To be clear, local lawmakers consistently reported that all their constituents demanded more police on a regular basis and that there was very little sympathy for violent offenders. Virtually none of the local lawmakers interviewed here—least of all the ones representing minority neighborhoods—indicated that their constituents thought that the law came down too hard on offenders. One Pittsburgh city councilman, a former civil rights activist and representative from a predominantly black neighborhood, said that his constituents had “very little sympathy for criminal actors, whether they are the shooter or the shot” (Interview 103, 10 June 2003). In fact, few of the local crime hearings reviewed here involved criticism of the police, but there was quite a lot of praise. At a 2006 Philadelphia hearing on reducing violence, a representative from the Philadelphia Alliance for Community Improvement told the city council, “[The police] do their job and we know that firsthand, because we've been to find out firsthand for ourselves” (Council of the City of Philadelphia, Joint Hearing of the Public Safety and Public Health and Human Services Committees, 13 Feb. 2006, p. 107). Contrary to conventional liberal conceptions of minority views of crime and the police in national political discourse, the evidence from the two urban locales under study here reveals fairly muted concern for police behavior, which is subverted to more concerted pressure on issues such as education, jobs, neighborhood development, and opportunity.

In other words, the strong desire for more policing is equally matched by strong pressure to improve neighborhood conditions, thereby lessening the likelihood that young people will get into trouble with the law in the first place. A Pittsburgh councilwoman put it this way with respect to drug violence: “The community wants really bad guys locked up. They don't want their lives to be in jeopardy. But they also wanted us to get to the root of the drug dealing” (Interview 103, 10 June 2003).

This message of impressionable children being subjected to neighborhood conditions that promote criminality and the need to address social problems such as education, job, and recreation opportunities before they generate street criminals is largely lost as crime issues make their way to higher levels of government, while support for getting violent criminals off the streets is magnified. In stark contrast to the victim-centered approaches of local groups pressuring lawmakers on guns, for example, national gun debates have largely resulted in the ratcheting up of penalties for crimes committed with a gun or anemic regulations that are difficult to enforce, later reversed, or declared unconstitutional.Footnote 16 Locally, few advocate such consequences, not because they have less punitive views but because they are focused on a wider set of problems. Few believe that locking up offenders for longer will stem the tide of gun violence because it is clear that one offender is quickly replaced with another.

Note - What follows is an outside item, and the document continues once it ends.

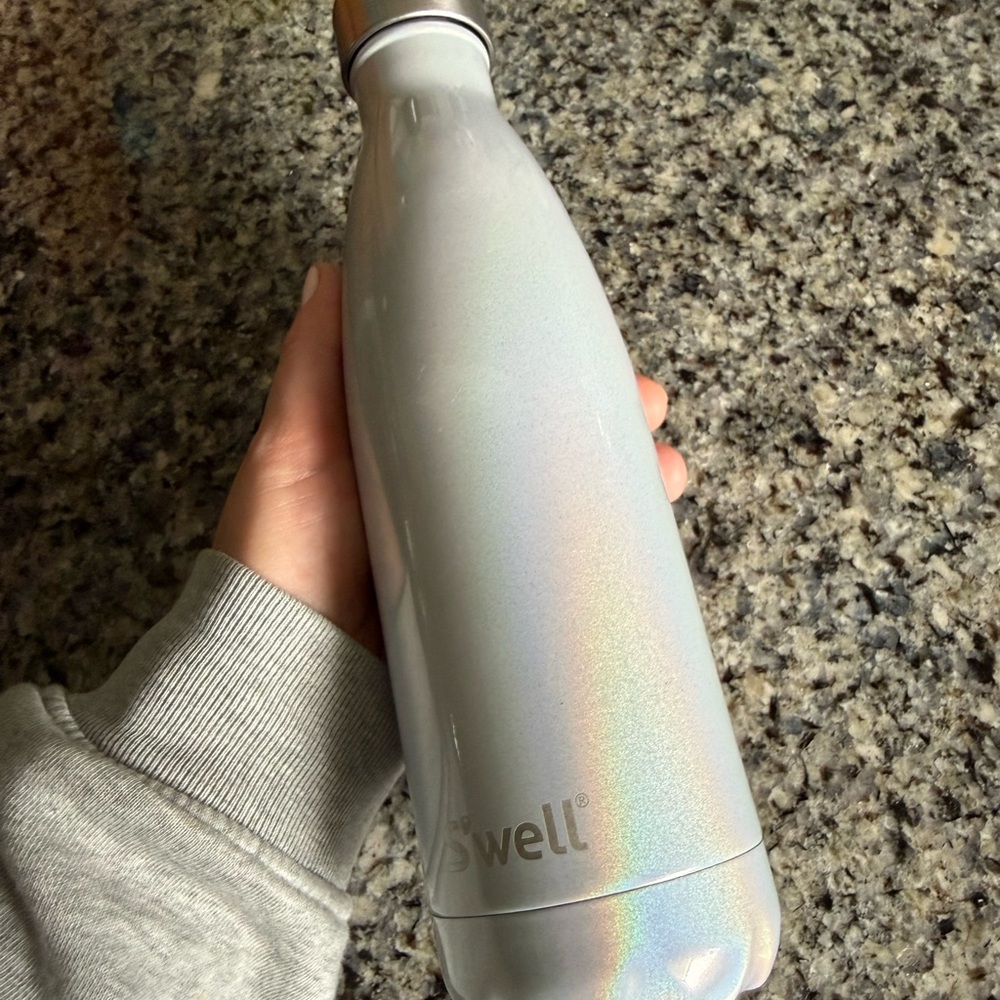S'well Shimmering Pearl Water Bottle, 17oz - Picture 5 of 7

This illustrates one of the central problems when crime politics migrate from local to national levels. The “get the guns off the street” language of local advocacy groups, while broad and open-ended in its policy implications, is most easily transmitted as a “lock up the gun offenders and throw away the key” strategy. Even the national civil rights and public interest groups that might serve as a counterweight and promote a broader social agenda—such as the NAACP, ACLU, or American Friends Service Committee—are drawn into the dichotomies of single-issue national crime politics such as police misconduct or penalties for gun and drug offenses, none of which directly confront the very real social welfare issues that are given voice in local urban neighborhoods.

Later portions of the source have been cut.